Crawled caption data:

•••••

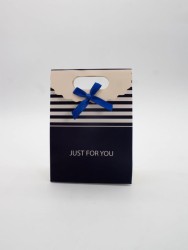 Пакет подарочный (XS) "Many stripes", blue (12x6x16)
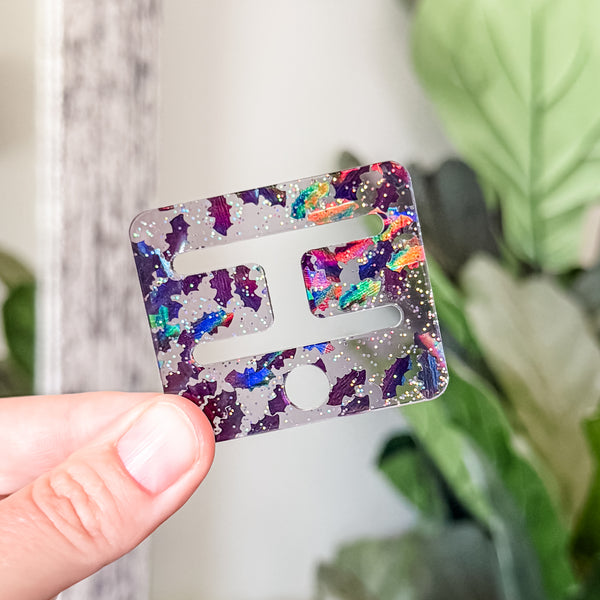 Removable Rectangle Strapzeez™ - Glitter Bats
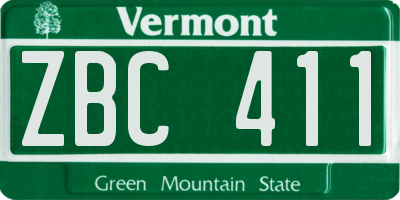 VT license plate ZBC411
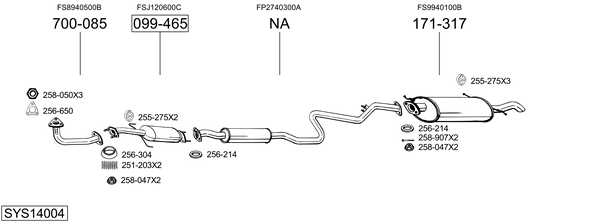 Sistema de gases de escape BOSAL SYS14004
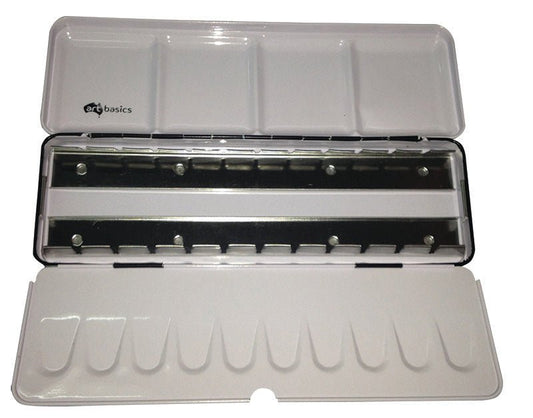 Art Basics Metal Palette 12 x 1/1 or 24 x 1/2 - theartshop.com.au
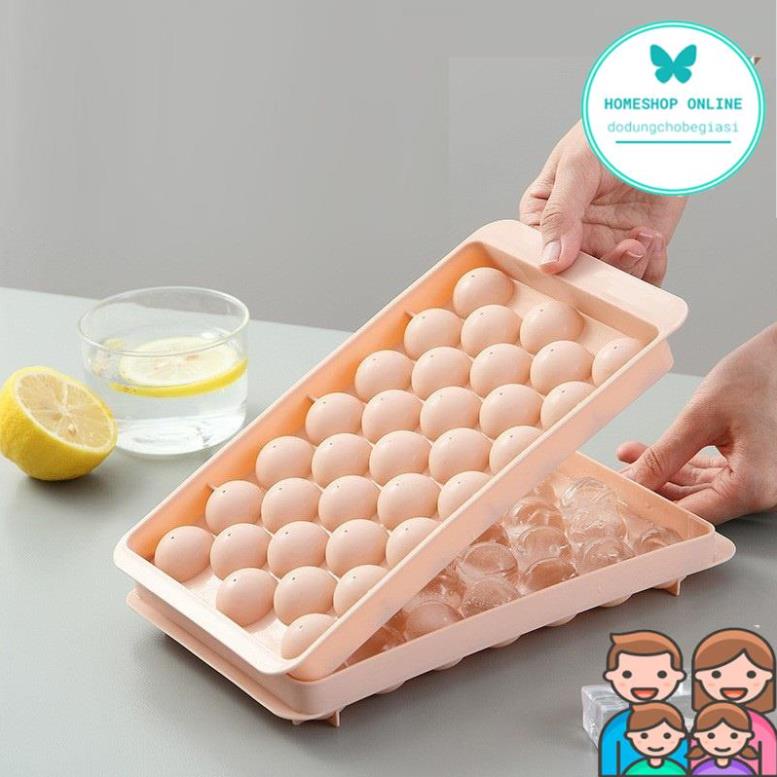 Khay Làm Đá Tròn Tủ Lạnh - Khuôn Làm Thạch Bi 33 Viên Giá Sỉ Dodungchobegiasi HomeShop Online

•••••

> PROBLEM TO SOLVE: Please copy exactly the lines from the one containing "Sistema de gases de escape BOSAL SYS14004" through the end of the records above, leaving out every picture.

> RESPONSE TO THIS TASK:
 Sistema de gases de escape BOSAL SYS14004
 Art Basics Metal Palette 12 x 1/1 or 24 x 1/2 - theartshop.com.au
 Khay Làm Đá Tròn Tủ Lạnh - Khuôn Làm Thạch Bi 33 Viên Giá Sỉ Dodungchobegiasi HomeShop Online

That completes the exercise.